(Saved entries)

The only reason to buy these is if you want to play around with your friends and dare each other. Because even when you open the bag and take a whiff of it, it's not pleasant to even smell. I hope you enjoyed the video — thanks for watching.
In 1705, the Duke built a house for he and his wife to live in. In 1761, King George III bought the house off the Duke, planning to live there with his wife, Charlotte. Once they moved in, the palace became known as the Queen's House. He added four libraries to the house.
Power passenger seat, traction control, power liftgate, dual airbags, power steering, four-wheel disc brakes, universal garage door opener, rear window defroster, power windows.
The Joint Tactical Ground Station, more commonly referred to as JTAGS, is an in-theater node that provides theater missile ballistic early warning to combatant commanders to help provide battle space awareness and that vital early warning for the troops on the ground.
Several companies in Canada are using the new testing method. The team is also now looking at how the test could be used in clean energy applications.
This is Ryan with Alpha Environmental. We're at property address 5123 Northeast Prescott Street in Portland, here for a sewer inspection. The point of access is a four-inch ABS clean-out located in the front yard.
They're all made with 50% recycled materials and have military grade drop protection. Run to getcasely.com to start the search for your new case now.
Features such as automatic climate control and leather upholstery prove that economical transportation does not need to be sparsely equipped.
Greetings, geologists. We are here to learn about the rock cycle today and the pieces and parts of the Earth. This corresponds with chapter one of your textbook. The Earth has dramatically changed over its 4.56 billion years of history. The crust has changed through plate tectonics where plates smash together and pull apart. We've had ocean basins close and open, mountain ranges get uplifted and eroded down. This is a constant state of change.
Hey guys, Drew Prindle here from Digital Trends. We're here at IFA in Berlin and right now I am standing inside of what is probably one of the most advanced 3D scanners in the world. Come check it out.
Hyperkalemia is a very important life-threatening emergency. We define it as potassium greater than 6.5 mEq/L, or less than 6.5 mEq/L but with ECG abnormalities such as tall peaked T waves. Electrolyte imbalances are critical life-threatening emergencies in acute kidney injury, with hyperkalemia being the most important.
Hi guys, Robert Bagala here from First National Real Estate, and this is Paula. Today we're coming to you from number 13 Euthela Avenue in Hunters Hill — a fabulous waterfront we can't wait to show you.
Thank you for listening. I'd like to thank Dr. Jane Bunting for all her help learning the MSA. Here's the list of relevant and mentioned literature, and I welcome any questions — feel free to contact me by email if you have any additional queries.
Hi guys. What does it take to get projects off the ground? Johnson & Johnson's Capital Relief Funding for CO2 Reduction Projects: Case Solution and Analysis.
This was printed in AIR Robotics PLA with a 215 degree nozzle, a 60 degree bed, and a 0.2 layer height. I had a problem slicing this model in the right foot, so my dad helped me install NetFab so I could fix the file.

:: AIM OF THE TASK ::
Give back each entry above precisely as it was written.

:: FINISHED TASK ::
The only reason to buy these is if you want to play around with your friends and dare each other. Because even when you open the bag and take a whiff of it, it's not pleasant to even smell. I hope you enjoyed the video — thanks for watching.
In 1705, the Duke built a house for he and his wife to live in. In 1761, King George III bought the house off the Duke, planning to live there with his wife, Charlotte. Once they moved in, the palace became known as the Queen's House. He added four libraries to the house.
Power passenger seat, traction control, power liftgate, dual airbags, power steering, four-wheel disc brakes, universal garage door opener, rear window defroster, power windows.
The Joint Tactical Ground Station, more commonly referred to as JTAGS, is an in-theater node that provides theater missile ballistic early warning to combatant commanders to help provide battle space awareness and that vital early warning for the troops on the ground.
Several companies in Canada are using the new testing method. The team is also now looking at how the test could be used in clean energy applications.
This is Ryan with Alpha Environmental. We're at property address 5123 Northeast Prescott Street in Portland, here for a sewer inspection. The point of access is a four-inch ABS clean-out located in the front yard.
They're all made with 50% recycled materials and have military grade drop protection. Run to getcasely.com to start the search for your new case now.
Features such as automatic climate control and leather upholstery prove that economical transportation does not need to be sparsely equipped.
Greetings, geologists. We are here to learn about the rock cycle today and the pieces and parts of the Earth. This corresponds with chapter one of your textbook. The Earth has dramatically changed over its 4.56 billion years of history. The crust has changed through plate tectonics where plates smash together and pull apart. We've had ocean basins close and open, mountain ranges get uplifted and eroded down. This is a constant state of change.
Hey guys, Drew Prindle here from Digital Trends. We're here at IFA in Berlin and right now I am standing inside of what is probably one of the most advanced 3D scanners in the world. Come check it out.
Hyperkalemia is a very important life-threatening emergency. We define it as potassium greater than 6.5 mEq/L, or less than 6.5 mEq/L but with ECG abnormalities such as tall peaked T waves. Electrolyte imbalances are critical life-threatening emergencies in acute kidney injury, with hyperkalemia being the most important.
Hi guys, Robert Bagala here from First National Real Estate, and this is Paula. Today we're coming to you from number 13 Euthela Avenue in Hunters Hill — a fabulous waterfront we can't wait to show you.
Thank you for listening. I'd like to thank Dr. Jane Bunting for all her help learning the MSA. Here's the list of relevant and mentioned literature, and I welcome any questions — feel free to contact me by email if you have any additional queries.
Hi guys. What does it take to get projects off the ground? Johnson & Johnson's Capital Relief Funding for CO2 Reduction Projects: Case Solution and Analysis.
This was printed in AIR Robotics PLA with a 215 degree nozzle, a 60 degree bed, and a 0.2 layer height. I had a problem slicing this model in the right foot, so my dad helped me install NetFab so I could fix the file.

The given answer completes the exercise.